Friday morning we took off for a hike down an old Incan trail, being we had our first day off of the year that was called "spring break", a constant joke amongst the teachers. The hike started in the snow capped mountains of the Cordillera Real, a little bit to the southeast of Huayna Potosi. The morning sun glistened off the snow to create an atmosphere that instantaneously energized me, along with the fresh morning air that only mountains can offer. Part of me just wanted to sit and enjoy the beauty around me, watching the sparkling water run down the hillsides from the melting snow, the llamas make the slow but yet graceful journey up the mountains, and the valley below fill with a cold fog that would eventually journey upward.

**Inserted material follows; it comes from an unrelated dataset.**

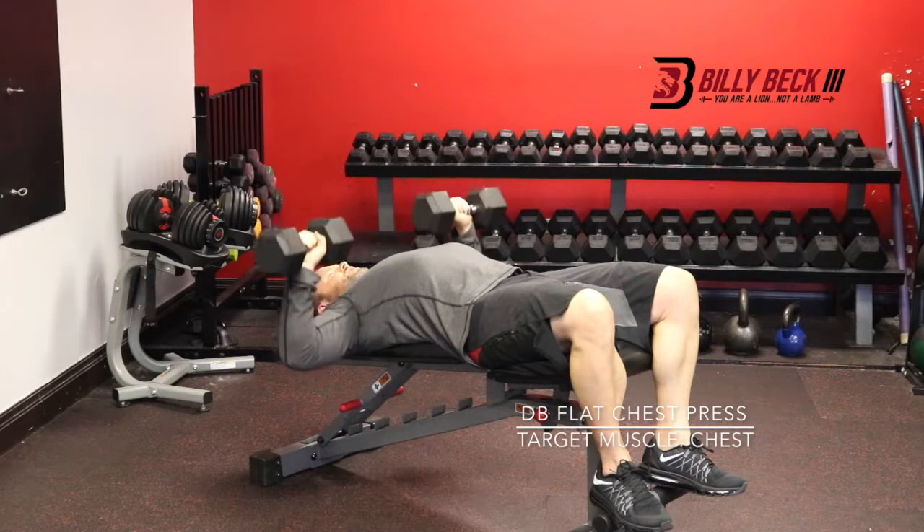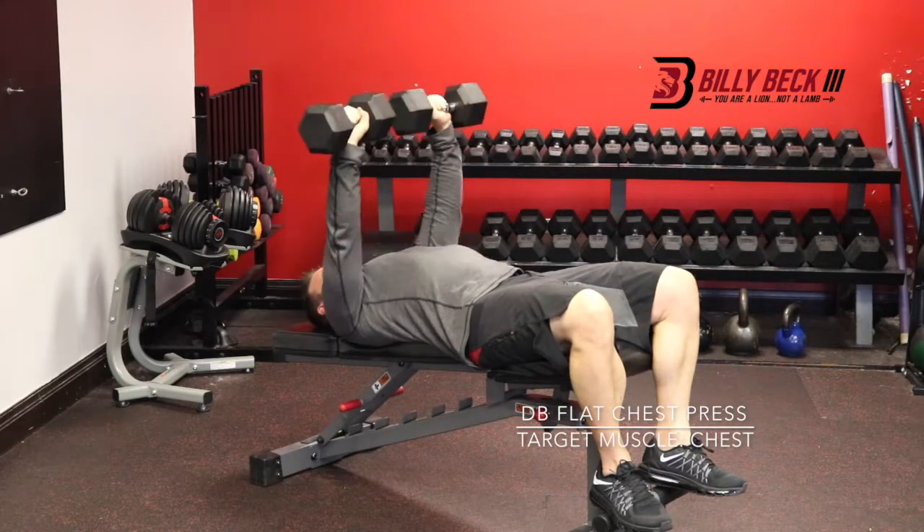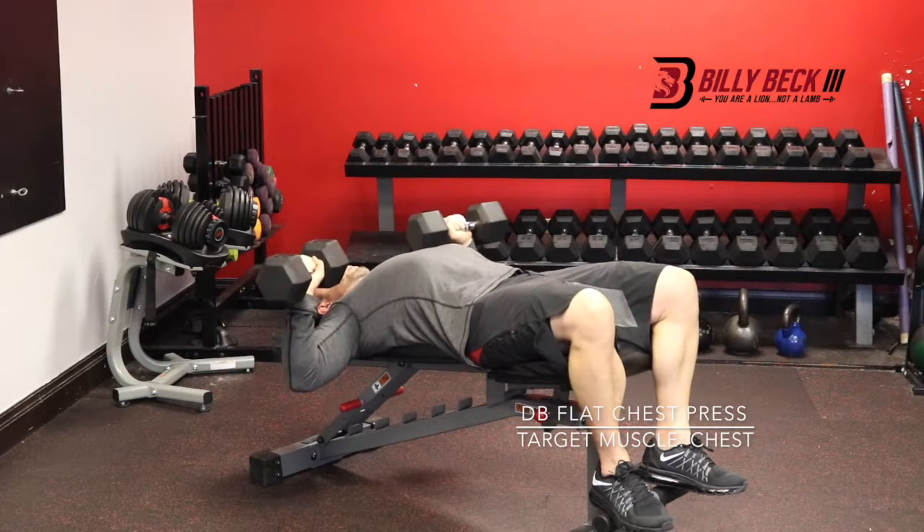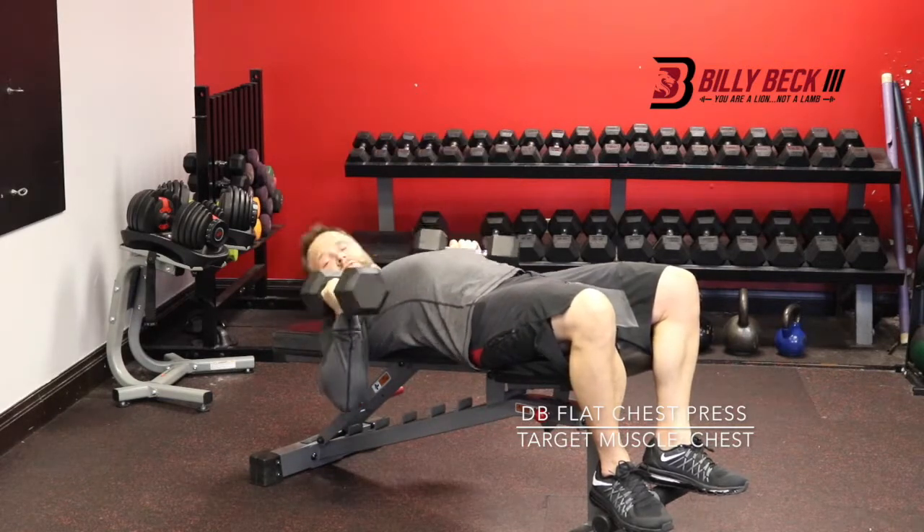So it looks like this. Make sure you control it. Don't just go crazy. Keep your control. Make the muscle work. Concentrate. Focus on your goal. And then, that's how it's done.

But I knew the distance I had ahead of me, and the time limit that the weekend imposed, so I regretfully but joyfully started down the trail.
Down the trail means DOWN the trail. Basically the whole hike is downwards, as it starts at about 4,600 meters and descends to about 1500 meters. Most people take 3 days to hike the trail, and that is what is recommended, but to me it was more advantageous to do it in two days, so that I could get back to La Paz on Sunday and study for the upcoming week of school. The trail, or el camino, amazed me very quickly. Within 6 hours, we had descended into a complete surrounding of green called the Yungas, or pre-jungle. Slick rocks from surrounding waterfulls cut accross the trail to create patterns that my feet magically found. Slipping here and there I managed to keep my balance and descend past villages where people's families have lived for centuries. They were always friendly as they saw us, and never ceased to give us false information on how much farther to the next pueblito. At about 6:30 on Friday night when we were all sore from the rough downhill, we set up camp by the river, ate, and talked for a few hours. Night passed rather quickly, and by 8 am we were all off again, this time a bit slower as our muscles and successfully and painfully tightened over the night. Others were a bit slower going down the slick path, and I found myself walking with a Bolivian and his two horses that were carrying supplies back from La Paz. He told me we only had about a half hour until the next pueblo, and I walked with him for another hour until we crossed it......where I said good-bye and waited for the others.
From there I realized how much longer we had. One of the girls had blisters the size of knuckles on her feet, and could not physically make it very long without stopping to ease the pain. The rest of the day was spent walking up and down this cut path in the mountainside, silently enjoying the beauty around us in the forms of birds, bugs, and the color green that marks the sign of life in the wild. We hiked in the darkness on Saturday night, slept a few hours, and finished off the journey early Sunday morning.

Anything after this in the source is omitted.